[Scraped caption text data]
┄┄┄┄┄┄┄┄┄┄┄┄┄┄┄┄┄┄┄┄
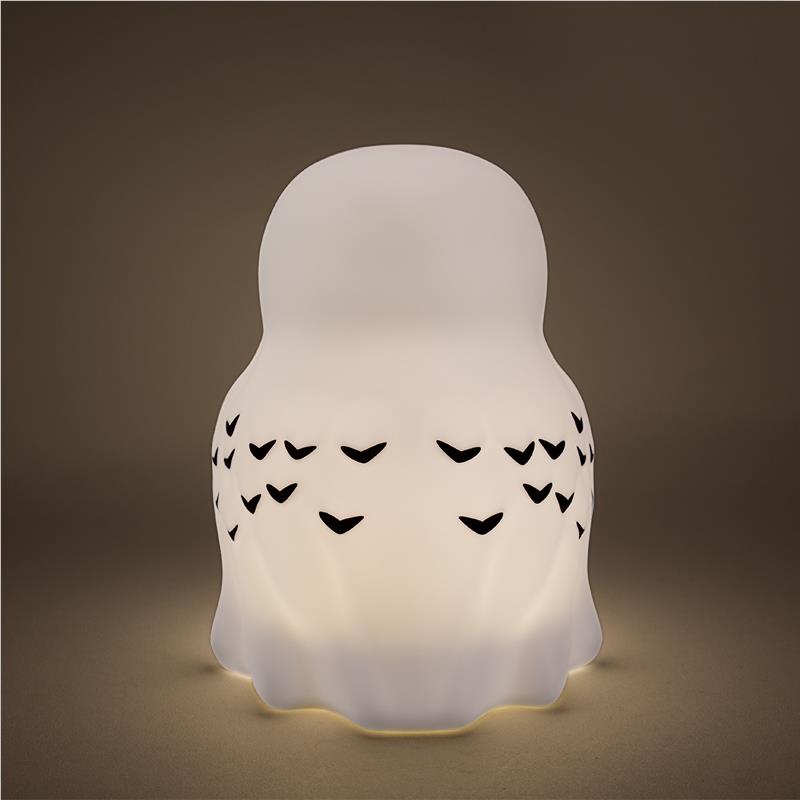 Harry Potter - Hedwig Lamp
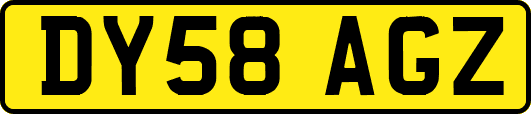 DY58AGZ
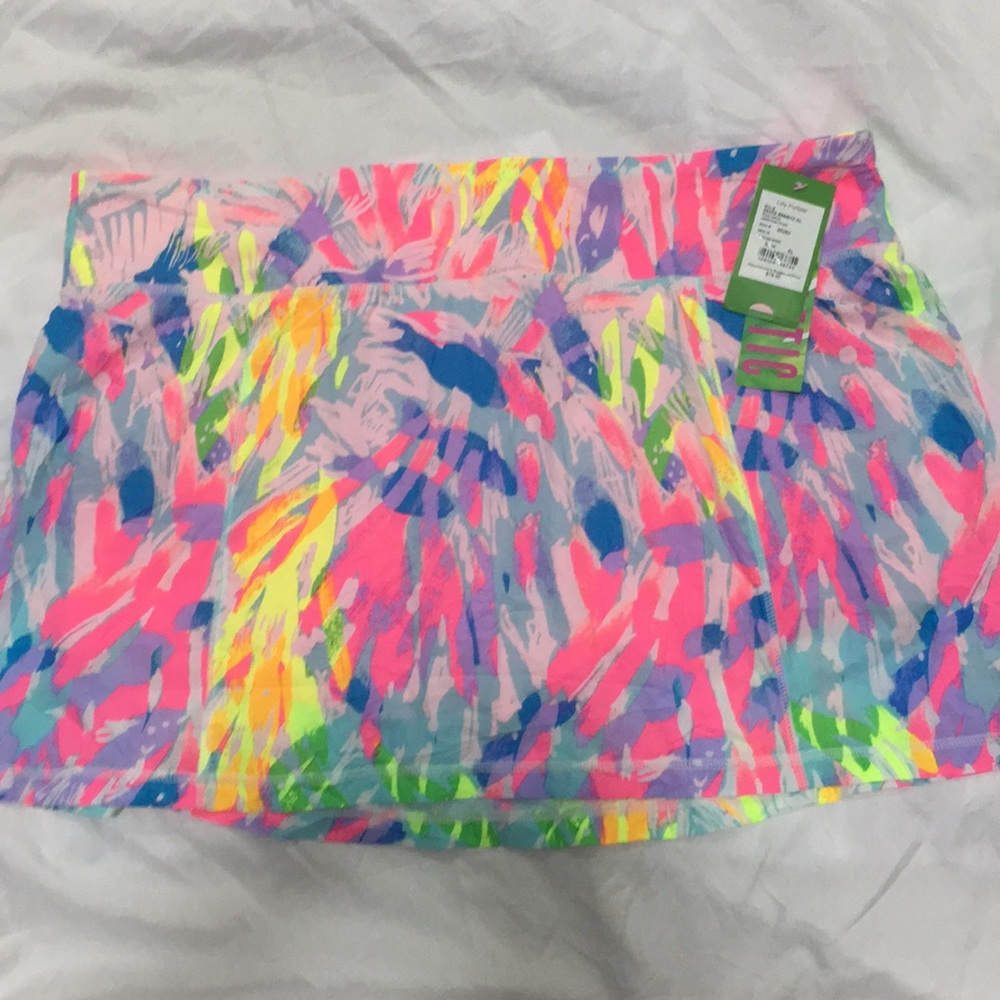 Lilly Pulitzer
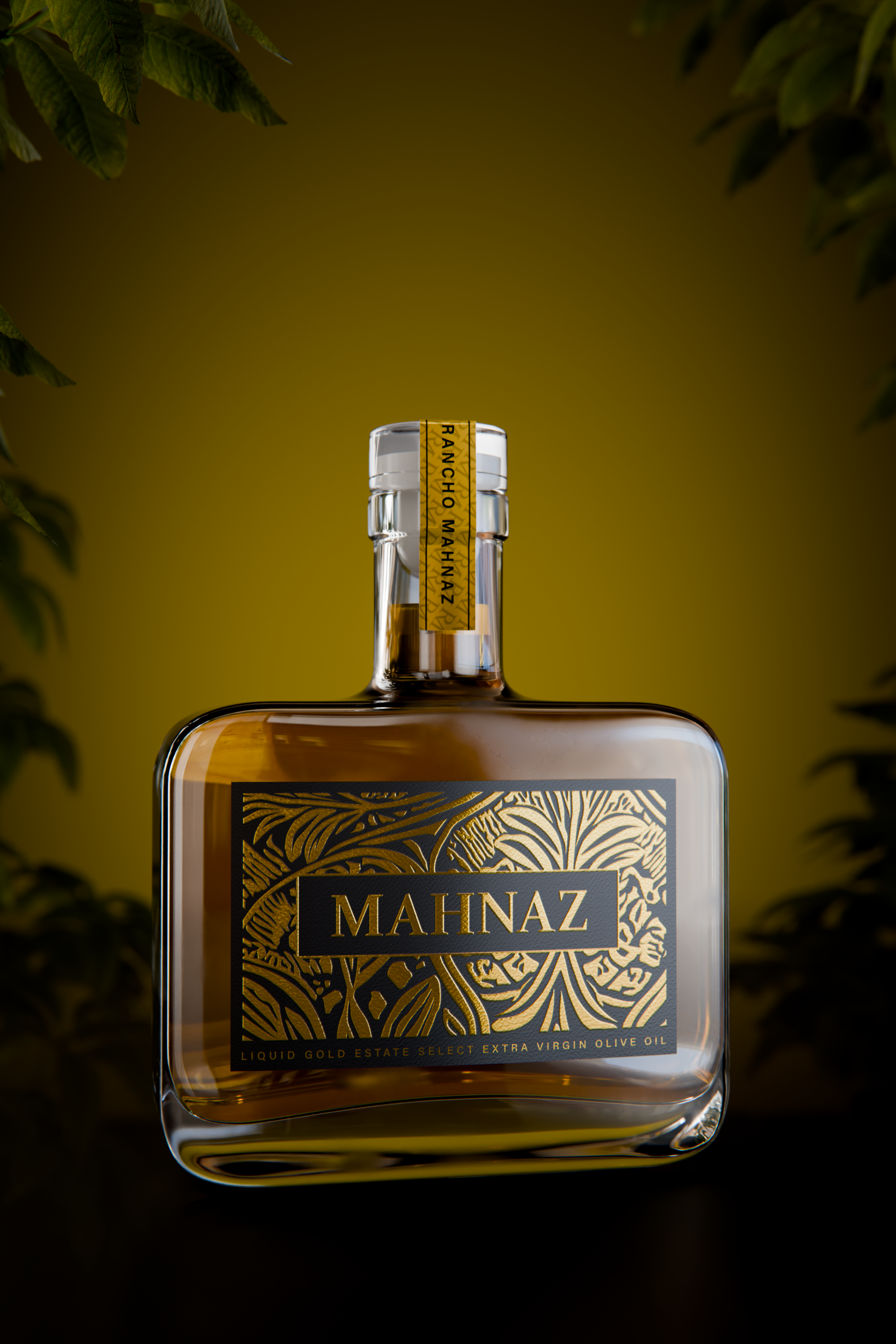 Liquid Gold Estate Select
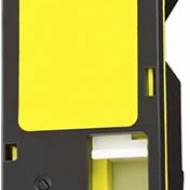 Iberjet D1250Y. Cartucho de tóner amarillo, reemplaza a Dell 59311019 - 59311143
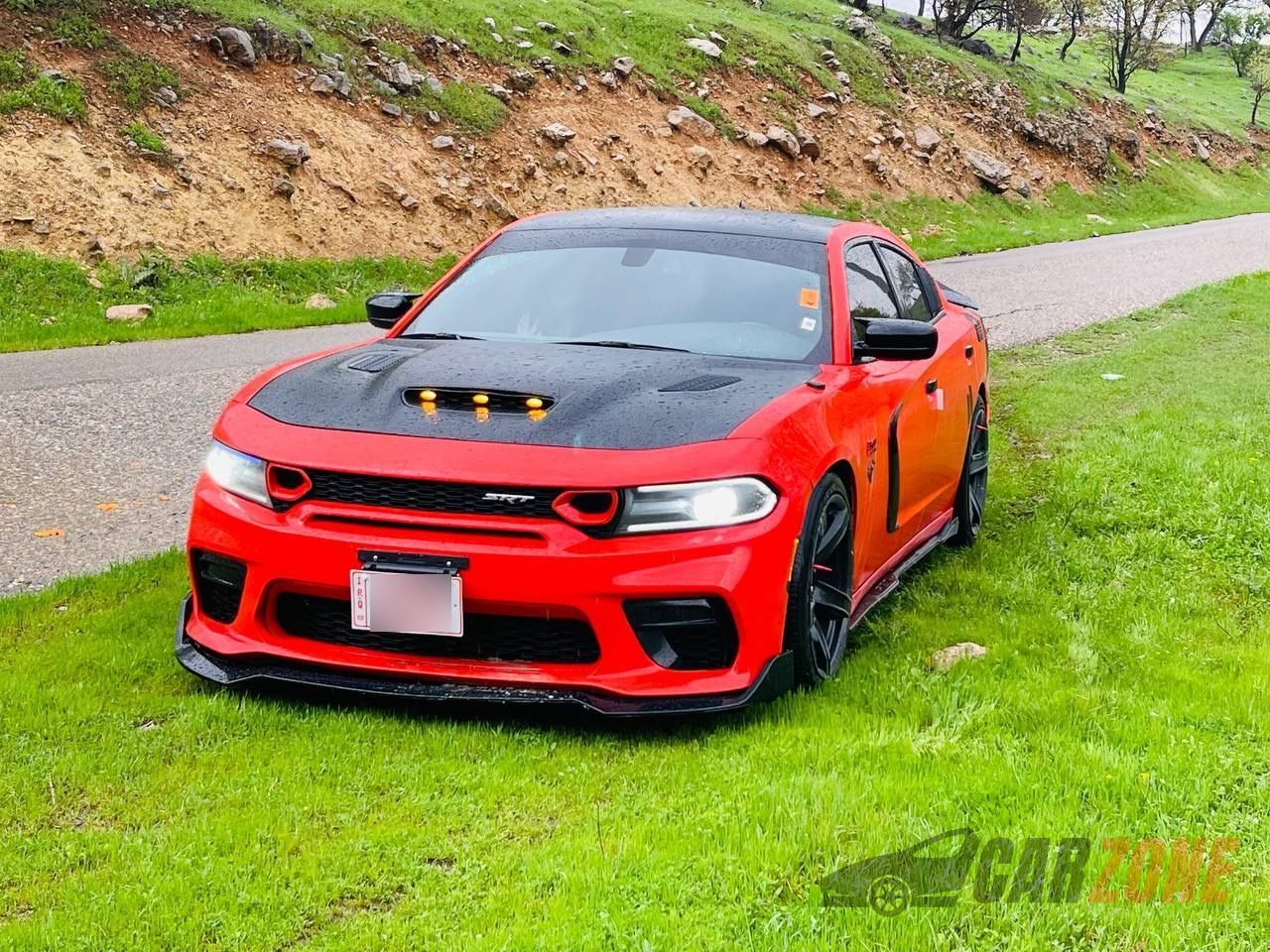 2019 دودج تشارجر thumbnail 2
┄┄┄┄┄┄┄┄┄┄┄┄┄┄┄┄┄┄┄┄
| Work request |
Set down, exactly as written, each line from the one that contains "Lilly Pulitzer" to the last line of the records, but none of the pictures.

| Solution to the problem |
 Lilly Pulitzer
 Liquid Gold Estate Select
 Iberjet D1250Y. Cartucho de tóner amarillo, reemplaza a Dell 59311019 - 59311143
 2019 دودج تشارجر thumbnail 2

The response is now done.